Sugar Ray Leonard, boxing
His light-welterweight gold was one of five won by what is considered the best U.S. Olympic boxing team ever, but all eyes were on the flashy fighter who won all six of his matches by 5-0 scores. As a pro, Leonard was a five-time champion, perhaps the biggest name in the sport in the 1980s. He returned for the Brawl in Montreal in 1980 against Roberto Duran.
Alberto Juantorena, athletics
The Cuban became the only athlete to win the 400- and 800-metre events at the same Games. He had only taken up the 800 seriously that year, but set a world record of one minute 43.50 seconds.

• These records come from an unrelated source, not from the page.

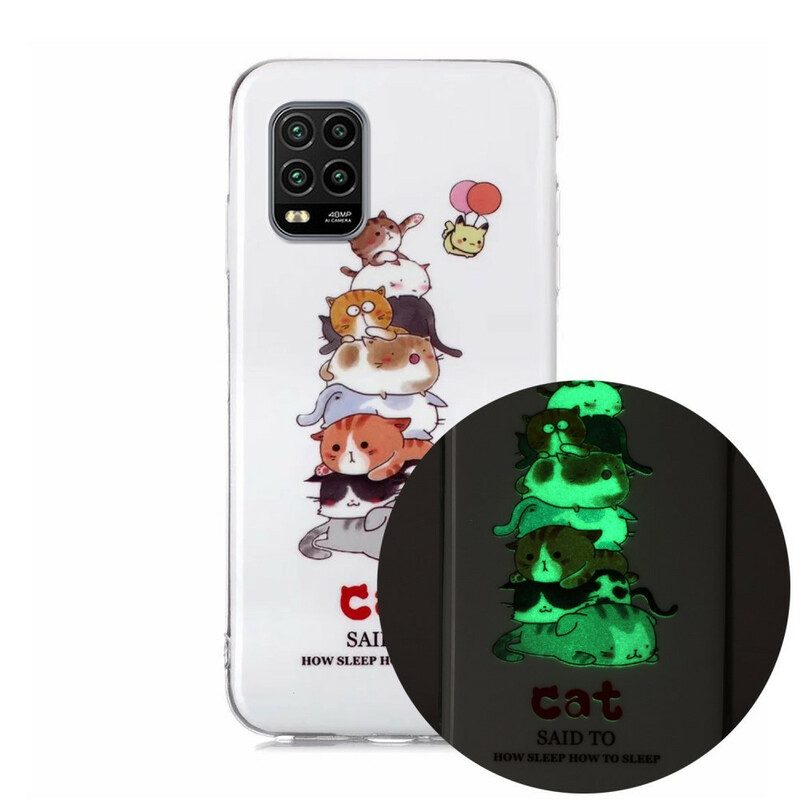 Skal För Xiaomi Mi 10 Lite Fluorescerande Katter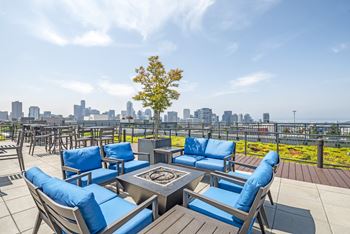Roof top deck with views of seattle and mt. Rainier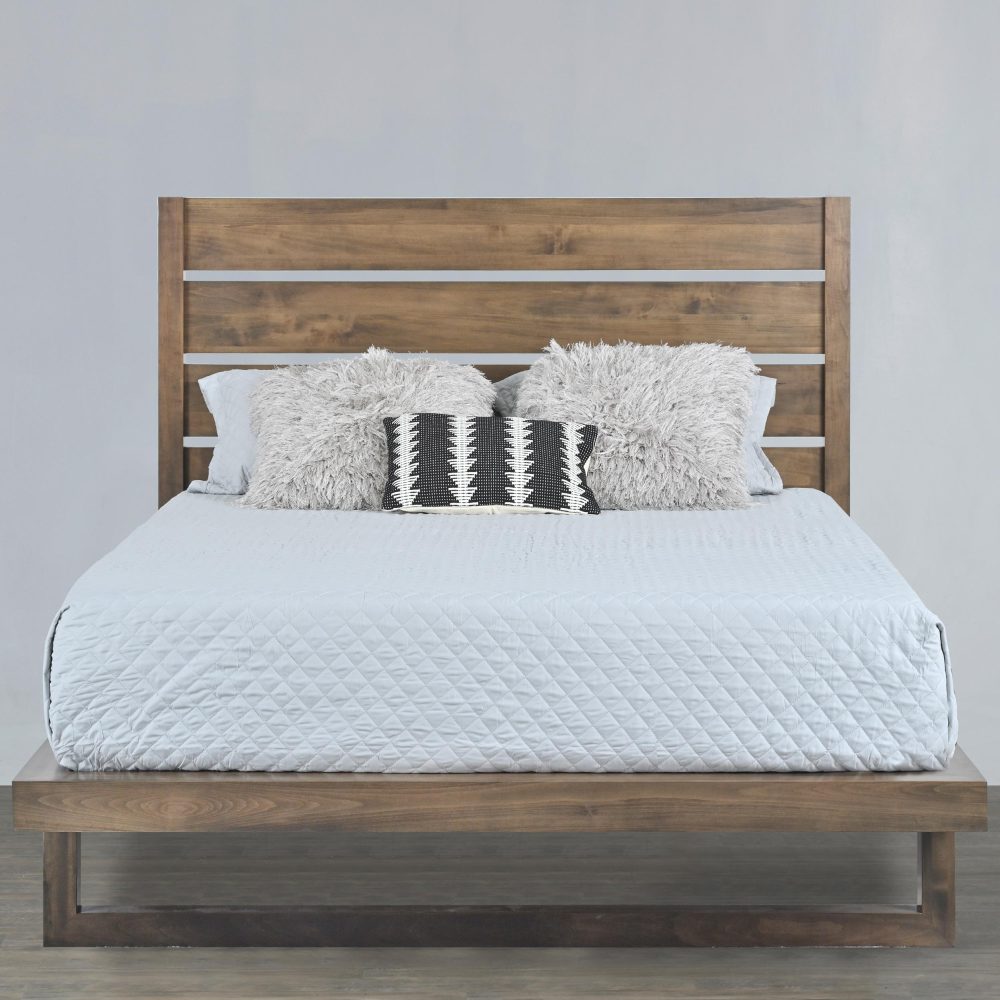 Amish Taos Urban Rustic Solid Wood Panel Platform Bed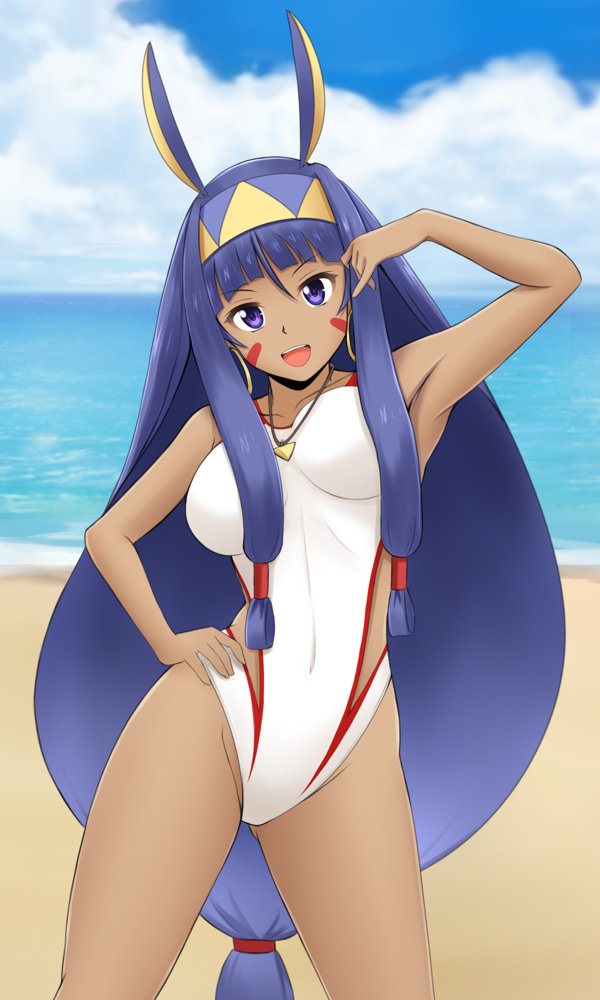 1girl arm_up beach clothed_navel clouds collarbone competition_swimsuit covered_navel dark_skin earrings fate/grand_order fate_(series) fuuma_nagi hairband hand_on_hip highleg highleg_swimsuit hoop_earrings horizon jewelry long_hair looking_at_viewer necklace nitocris_(fate/grand_order) nitocris_(swimsuit_assassin)_(fate) ocean one-piece_swimsuit one_eye_closed open_mouth outdoors purple_hair side_cutout sky solo spread_legs swimsuit thighs very_long_hair violet_eyes white_swimsuit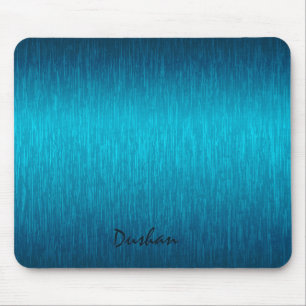 Turquoise Metallic Design Brushed Steel Look Mouse Pad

Vasily Alekseyev, weightlifting
There was a freak show quality to the attention paid to the 350-pound Soviet, who stunned viewers by lifting 500-plus pound weights as if they were toys. The super-heavyweight, who set 80 world records in his career, repeated his gold medal performance from the 1972 Games in Munich.
John Naber, swimming
The American knew he had little chance of topping compatriot Mark Spitz's seven swimming gold medals and seven world records from the 1972 Games. So he collected a mere four golds, all in world record time. Michael Phelps topped them both in 2008 with eight golds.
Kornelia Ender, swimming
She also won four golds and set four world records, the first woman to do so, but the exploits of the East German team were considered suspect even then. She later revealed she was regularly injected with a substance, but wasn't sure what it was. For lack of proof, her medals still stand.
Bruce Jenner, athletics
The name is now Caitlyn Jenner, having officially renamed and re-identified himself last year as a transgender woman. In 1976, he was a brash decathlete who set a world record of 8,616 points in Montreal. A fan handed him an American flag, which he waved to the crowd, starting an Olympic track tradition.
Edwin Moses, athletics
It wasn't considered that big of a deal when the brainy American won the 400-metre hurdles. But it presaged one of the most remarkable feats in the sport's history — 107 consecutive wins in race finals over a nearly 10-year period, including another gold at the 1984 Games in Los Angeles.
Greg Joy, athletics
He didn't win, but the Vancouver (now Ottawa) high jumper became the toast of the Games for his silver medal performance that had the Olympic Stadium crowd on the edge of their seats. It earned him the nod as Canada's flag-bearer at the closing ceremonies.
Princess Anne, equestrian
Anne Mountbatten-Windsor didn't win the three-day event on Queen Elizabeth's horse Goodwill. But she was the only female athlete exempted from since-dropped gender-testing, which was deemed inappropriate in her case. Also useless, since men and women compete together in her sport.
Lasse Viren, athletics
The Finn won the 5,000- and 10,000-metre events at the 1972 Games and then became the first ever to do it again in Montreal. A day after the 5,000, he finished fifth in the marathon. There were persistent rumours of blood-doping, which he denied.
Miklos Nemeth, athletics
The Hungarian javelin thrower was the first son of a gold medallist to win gold. His father Imre did it at the 1948 Games in the hammer throw.
Klaus Dibiasi, diving
The Austrian-born Italian won gold from the platform for a third straight Olympics.
Thomas Bach, fencing
He wasn't well known when he won gold for West Germany in the team foil event. Now, he's president of the International Olympic Committee.
Vladimir Bure, swimming
He didn't win, but how many Summer Games athletes get their name on the Stanley Cup? The father of Pavel and Valeri Bure did it as fitness coach of the 2003 New Jersey Devils.